Assigned task: Copy every line from the records that holds the word "space".

[Opening Input for this task section]

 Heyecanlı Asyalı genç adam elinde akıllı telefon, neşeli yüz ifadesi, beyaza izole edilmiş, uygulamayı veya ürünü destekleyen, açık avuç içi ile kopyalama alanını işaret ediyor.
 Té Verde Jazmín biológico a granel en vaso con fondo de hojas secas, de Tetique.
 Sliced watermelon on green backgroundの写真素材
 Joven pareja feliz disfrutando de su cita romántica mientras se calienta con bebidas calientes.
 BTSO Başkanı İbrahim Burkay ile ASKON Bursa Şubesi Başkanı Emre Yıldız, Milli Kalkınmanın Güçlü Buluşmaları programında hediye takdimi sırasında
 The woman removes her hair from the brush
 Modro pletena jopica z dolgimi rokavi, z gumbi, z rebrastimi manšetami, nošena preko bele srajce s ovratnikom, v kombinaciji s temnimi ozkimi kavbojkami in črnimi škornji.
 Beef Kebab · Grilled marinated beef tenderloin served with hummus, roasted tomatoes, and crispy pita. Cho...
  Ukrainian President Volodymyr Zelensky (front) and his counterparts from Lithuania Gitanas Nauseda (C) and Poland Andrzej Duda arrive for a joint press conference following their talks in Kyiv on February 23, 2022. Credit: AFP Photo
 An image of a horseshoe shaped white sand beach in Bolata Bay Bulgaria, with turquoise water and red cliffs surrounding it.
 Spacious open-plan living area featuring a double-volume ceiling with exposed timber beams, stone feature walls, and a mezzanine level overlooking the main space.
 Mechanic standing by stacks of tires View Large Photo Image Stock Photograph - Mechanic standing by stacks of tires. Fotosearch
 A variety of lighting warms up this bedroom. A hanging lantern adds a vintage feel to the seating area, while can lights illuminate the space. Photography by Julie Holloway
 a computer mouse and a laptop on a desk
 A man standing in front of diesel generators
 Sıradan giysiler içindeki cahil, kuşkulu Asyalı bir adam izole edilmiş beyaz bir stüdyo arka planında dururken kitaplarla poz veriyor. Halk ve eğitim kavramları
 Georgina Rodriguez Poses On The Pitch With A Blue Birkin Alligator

[Closing Input for this task section]

Written answer:
 Spacious open-plan living area featuring a double-volume ceiling with exposed timber beams, stone feature walls, and a mezzanine level overlooking the main space.
 A variety of lighting warms up this bedroom. A hanging lantern adds a vintage feel to the seating area, while can lights illuminate the space. Photography by Julie Holloway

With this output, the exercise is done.